Chard is a powerhouse of nutrients while being low in calorie–100 grams of chard only contains 19 calories! Chard is an alphabet full of vitamins and minerals that includes vitamins A, B, C, E and K and the minerals magnesium, copper, manganese, potassium and iron. It also contains beneficial dietary fiber and protein. And lastly, it contains at least three-dozen phytonutrients that have anti-inflammatory properties and neutralize free radicals formed either through metabolic processes or external sources. Let’s take a closer look at the various benefits that chard offers us.

  • Blood and Circulatory System Health: Vitamin K in conjunction with iron found in chard promotes healthy blood and normal blood clotting. It can also help to prevent extreme bruising. Be aware that those on the blood thinning medication, Coumadin, need to take into account the vitamin K levels found in chard to monitor their clotting factors.
  • Blood Sugar Regulation: The dietary fiber and protein found in chard help to stabilize blood sugar. More stable blood sugar reduces the likelihood of insulin resistance and ultimately diabetes. In addition, chard contains the antioxidant, syringic acid, which helps regulate blood sugar by slowing down the breakdown of sugar. For more about fiber and blood sugar, see my article Tea Time. Incorporating chard also is beneficial for weight loss as it has so few calories and no fat.
  • Bone Health: The extremely high amount of vitamin K found in chard is very supportive of bone health. One cup of chard contains 389% of the daily value (DV). Vitamin K triggers the activation of a non-collagen protein in bone. This protein works with calcium, also found in chard, to build bone. When vitamin K levels are too low, the bone building process is compromised and bone formation is weak. In studies, regular consumption of chard has been found to prevent osteoporosis.
  • Brain and Nervous System Health: While vitamin K is known for its role in bone formation, it also supports our nervous system.
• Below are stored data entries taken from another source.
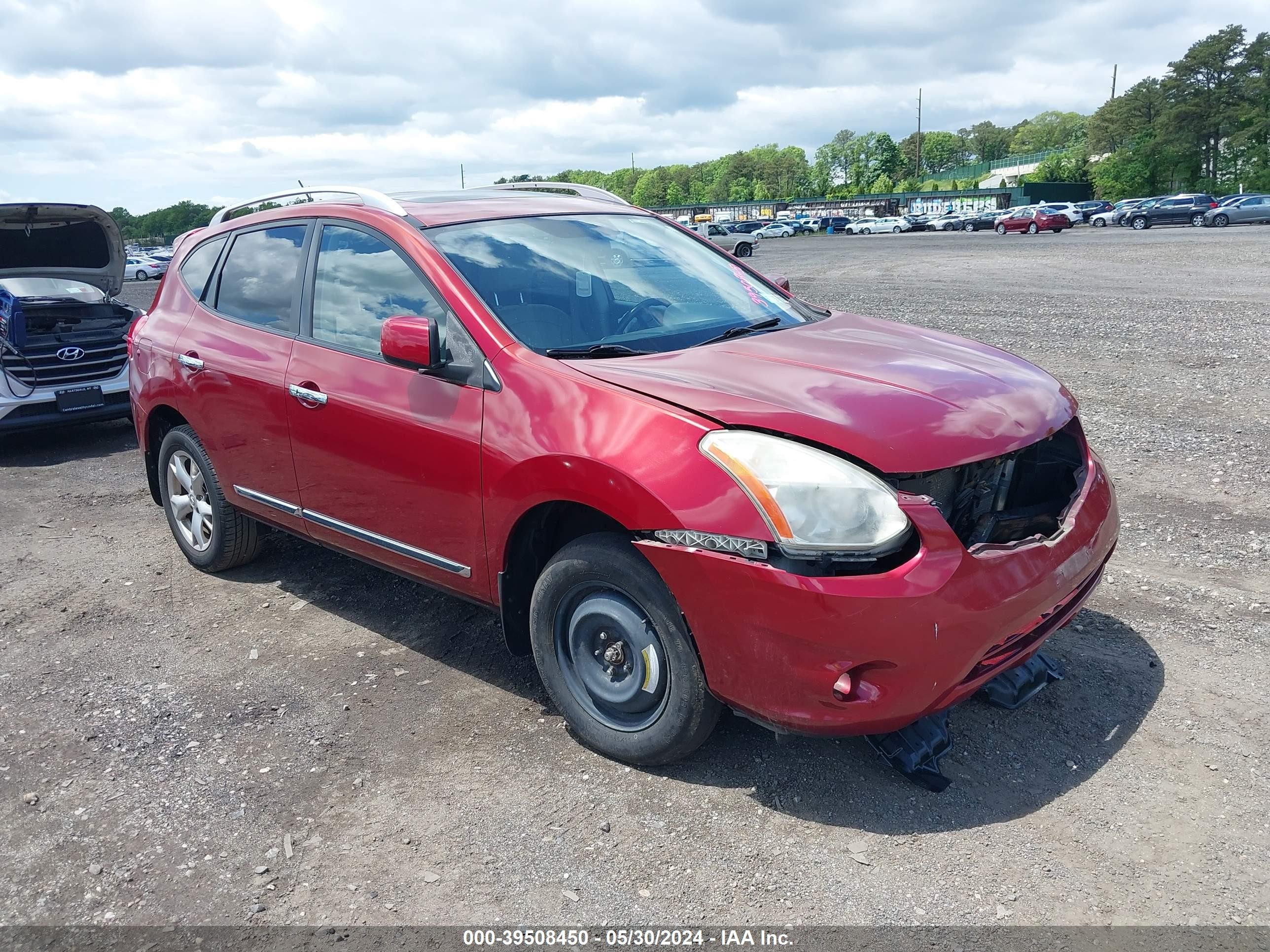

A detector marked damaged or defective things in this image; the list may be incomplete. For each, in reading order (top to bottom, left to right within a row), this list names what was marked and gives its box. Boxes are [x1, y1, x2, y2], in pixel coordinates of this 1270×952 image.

dented hood [0, 205, 125, 298]
dented hood [571, 313, 1077, 475]
missing headlight opening [889, 426, 1087, 550]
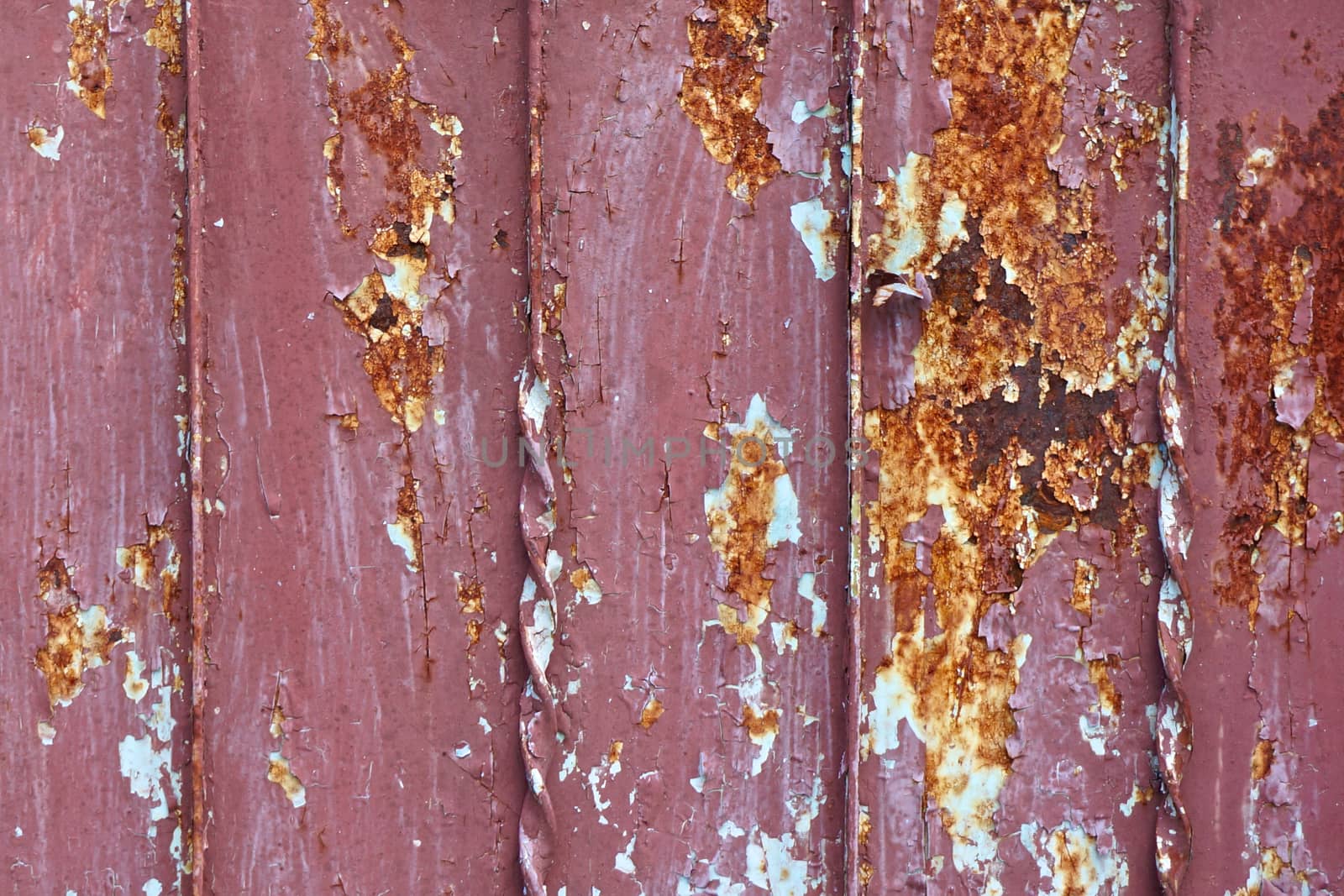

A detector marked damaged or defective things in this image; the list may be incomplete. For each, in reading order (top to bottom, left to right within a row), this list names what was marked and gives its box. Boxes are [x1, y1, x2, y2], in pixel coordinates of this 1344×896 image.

orange rust patch [66, 1, 112, 118]
orange rust patch [677, 0, 785, 202]
rusty metal surface [2, 0, 192, 892]
rusty metal surface [1166, 3, 1344, 892]
orange rust patch [33, 553, 131, 709]
orange rust patch [637, 693, 664, 731]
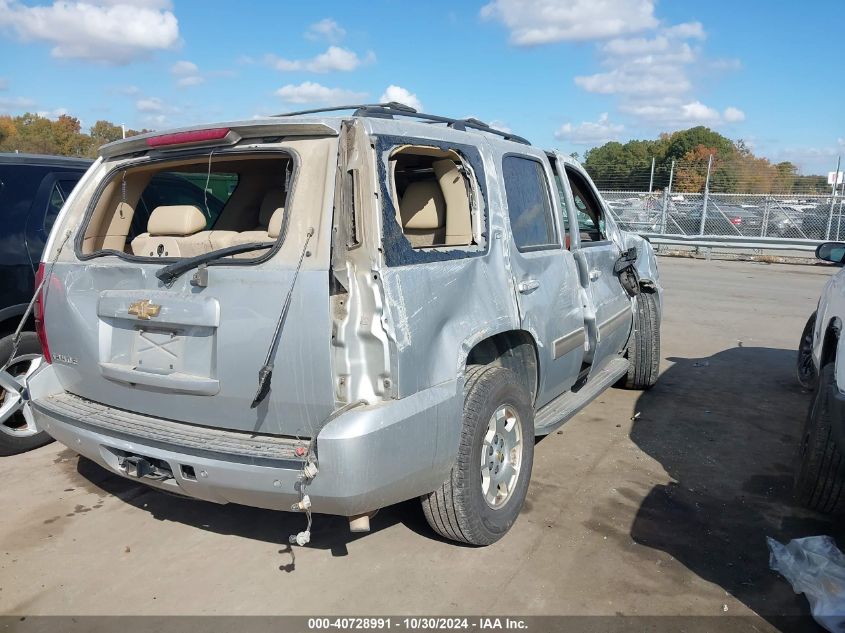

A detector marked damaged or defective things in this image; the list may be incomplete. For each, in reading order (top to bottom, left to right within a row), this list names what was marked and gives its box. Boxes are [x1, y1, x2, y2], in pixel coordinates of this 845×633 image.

damaged suv [13, 103, 660, 544]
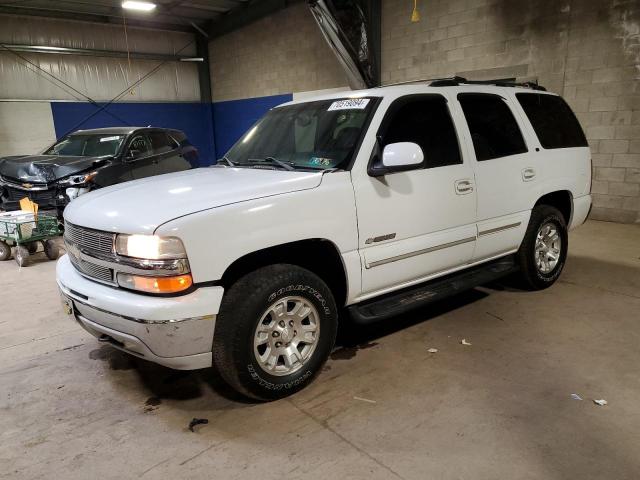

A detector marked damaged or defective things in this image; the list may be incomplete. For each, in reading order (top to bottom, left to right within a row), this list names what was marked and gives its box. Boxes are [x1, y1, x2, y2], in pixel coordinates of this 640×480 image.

broken car hood [0, 156, 109, 184]
damaged dark car [0, 126, 199, 218]
broken car hood [64, 166, 324, 233]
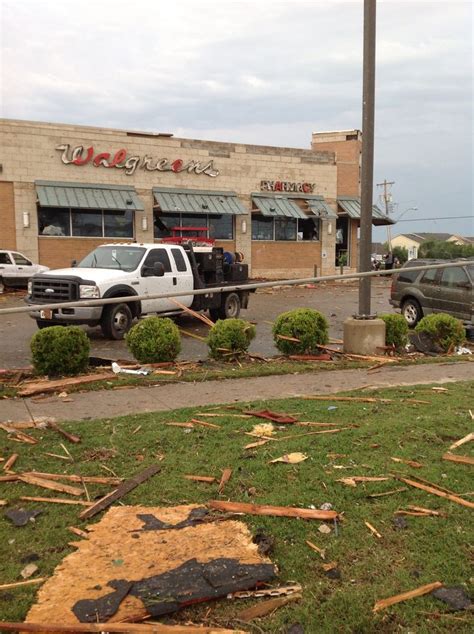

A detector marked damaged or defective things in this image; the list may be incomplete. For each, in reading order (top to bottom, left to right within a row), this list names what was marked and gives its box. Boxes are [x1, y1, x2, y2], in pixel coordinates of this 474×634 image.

splintered board [25, 504, 276, 628]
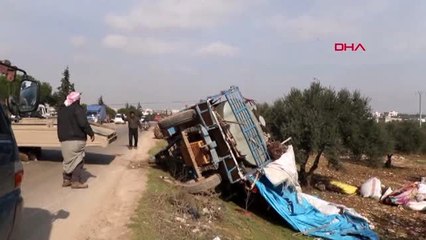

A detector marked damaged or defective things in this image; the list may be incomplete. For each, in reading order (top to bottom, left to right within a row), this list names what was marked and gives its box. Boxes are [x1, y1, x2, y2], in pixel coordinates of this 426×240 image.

damaged vehicle [155, 86, 272, 193]
overturned truck [155, 86, 272, 193]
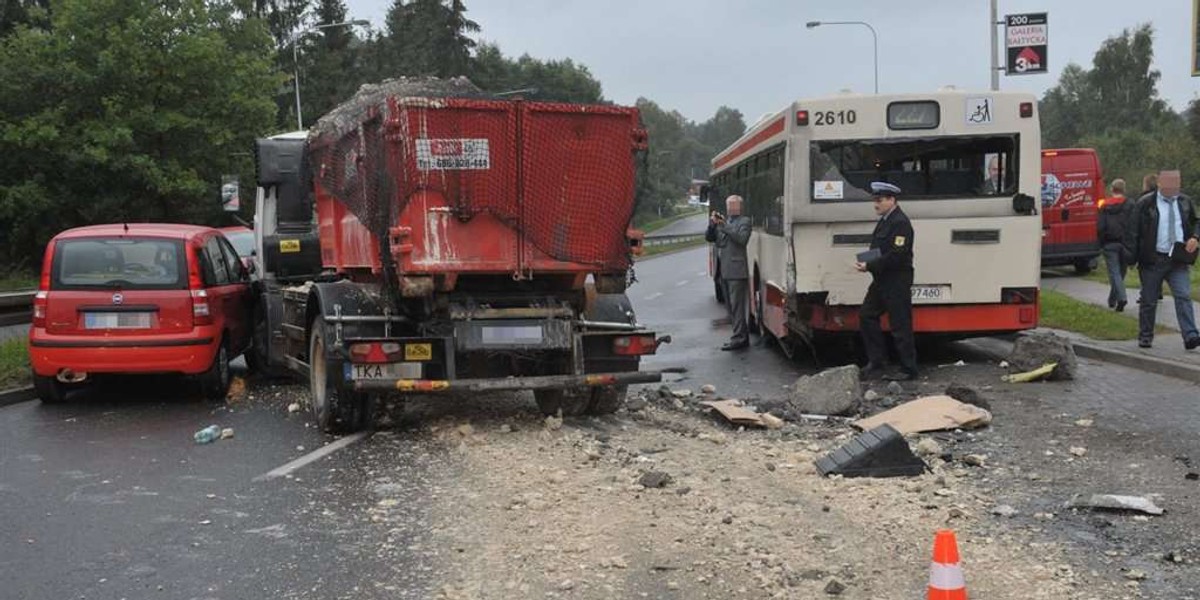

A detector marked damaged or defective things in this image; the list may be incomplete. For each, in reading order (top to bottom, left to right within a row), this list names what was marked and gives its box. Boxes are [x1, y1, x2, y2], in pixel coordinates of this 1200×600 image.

Vitamin K is essential for the formation of the myelin sheath, the protective layer around the nerves that is needed for optimal transmission of signals from the nerves to our muscles.
  • Eye Health: Chard is also high in vitamin A.  100g has 122% of the DV. Vitamin A is an important dietary component for improved vision including reduction of night blindness, cataracts, glaucoma and age-related macular degeneration.  Beta-carotene as well as the other carotenoids (lutein and zeaxanthin) are all important antioxidants that may reduce our susceptibility to disease or other conditions. Lutein and zeaxanthin are actually found in the retina and the lens of the eye, suggestive of their importance in our vision.
  • Heart Health: Potassium in chard helps to regulate water concentration either internal or external to the cell. Potassium directly counteracts sodium. For those with heart issues, particularly related to water retention, consuming chard might result in a diuretic effect.
  • Immune Health: Vitamin A found in chard strengthens our immune system from the various bugs especially at this time of year. In particular, vitamin A supports the mucous membranes found in our respiratory systems resulting in improved immunity from sore throats, flu, colds, bronchitis and sinusitis. Vitamin A has also been shown to be supportive of the skin and hair. For more about skin health, see my article Super Summertime Skin.

Chard is easy to grow and delicious to eat.  It should be washed well to remove any dirt. Trim off the thick stems from the bottom and use both the stalk and leaves. Swiss chard can be used in salads, braised or in frittatas. For a delicious frittata recipe, see my recipe Late Sprint/Early Summer Brunch 2012. Chard can also be easily substituted for spinach. Chard will keep in the refrigerator for several days. It should be vivid in color without any brown or yellow spots.

Note that chard like spinach is high in oxalates. People with a history of oxalate-containing kidney stones should limit their intake. Boiling chard will also reduce the oxalic acid but at the expense of other vitamins.